Minor comments - In Table 1, it is not clear how the sum of Saraga 1.0 and 2.0 would look in terms of the total number of ragas or talas. - I think the explanation on excluding instrumental Carnatic music can be shorten into one single sentence. It is worth mentioning that the current dataset does not cover instrumental Carnatic music, but I don't think the author has to justify why they are focusing on vocal-centered music with extensive paragraphs. The comparison with slakh sounds bit unnatural to me, as slakh used synthesizer. - It is not clear how many subjects participated in the listening test in Table 3. Also, the standard deviation or confidence interval has to be provided. - Saraga 1.0 also includes Hindustani music, but it is not clear how this will be handled in dataset access - There are duplicated sentences in line 224 - Line 353: "for which the p-value is less than our significance level of 0.00001 are excluded" – Should this be "greater than the significance level"? - Some words in the References, such as Carnatic and Turkish, need to be capitalized in the camera-ready version.


Review 3

The manuscript presents extension to Saraga Carnatic dataset. Along with increasing coverage of various ragas, concerts, the new version introduces video recordings of the concerts for multimodal MIR research. The paper is well organised and well written, certain tasks are also benchmarked with the extended dataset.
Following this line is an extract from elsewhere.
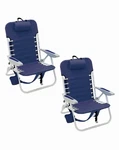 New Rio 2-PACK 4-POS Backpack Lace-up Suspension Aluminum Folding Beach Chair. Fixed Price $99.00.
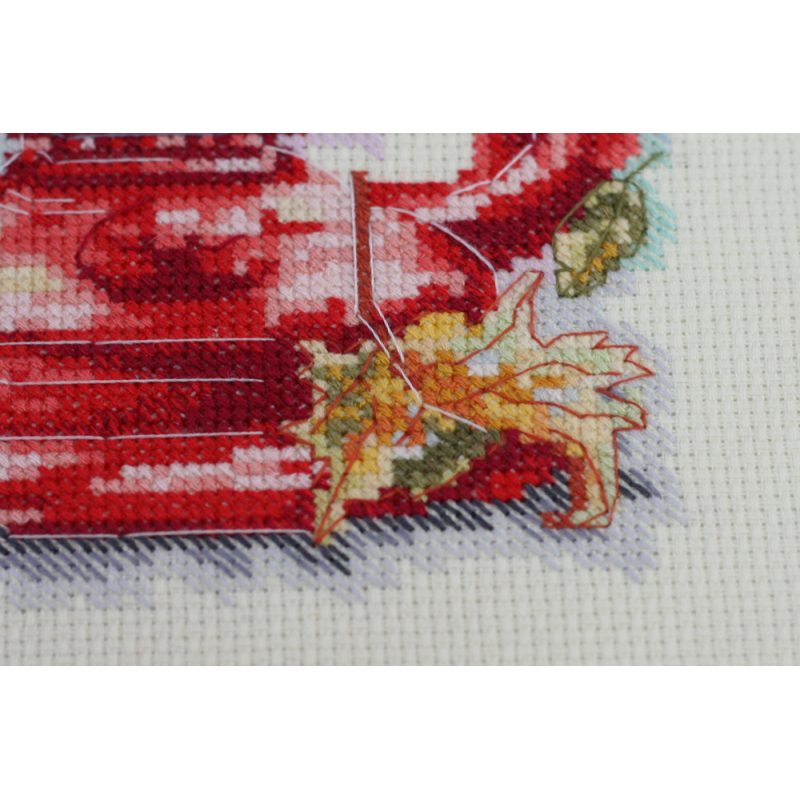 Cross Stitch Kit "Heat of October"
Author description of changes:
  • We have updated the naming convention of the dataset for clarity, and we have been consistent throughout the paper.
  • We have improved the discussion on the video gathering to address the raised comments and questions by the Reviewers.
  • We have included separation results of fine-tuned Spleeter using Saraga and Saraga Audiovisual (the new dataset) and improved the discussion on the relevance of these benchmarking experiments. We do not report fine-tuning experiments on the combination of Saraga and Saraga Audiovisual as our intention is to study the impact of each data collection process separately.
  • We have included missing details in the perceptual test results.

Let us further comment on the questions about the video footage: - The video gesture experiments are performed only on voice only excerpts called the alapana. These sections are not metered and also do not contain any rhythmic accompaniment.  The demo video is used only to show excerpts from the dataset and not correlated to the videos used for the gesture experiments. Figure 2 in the paper demonstrates the vocalist singing a composition in a rhythmic meter, but is illustrative of the video data in general and is not indicative of the alapana section on which the gesture experiments are perfomed. Figure 3 illustrates the vocalist singing an alapana. - The video recordings are recorded from concert venues in the usual stage setting of the artists. In Carnatic music, the vocalist receives most prominence. Keeping in mind that the microphone placed directly in front of the vocalist causes visual occlusions of the mouth and the gestures made, several pose estimation models were tested before selecting the MMPose 2D-Top down model. This model manages to capture regions prone to occlusions like the singer’s mouth and the hands with a good level of accuracy.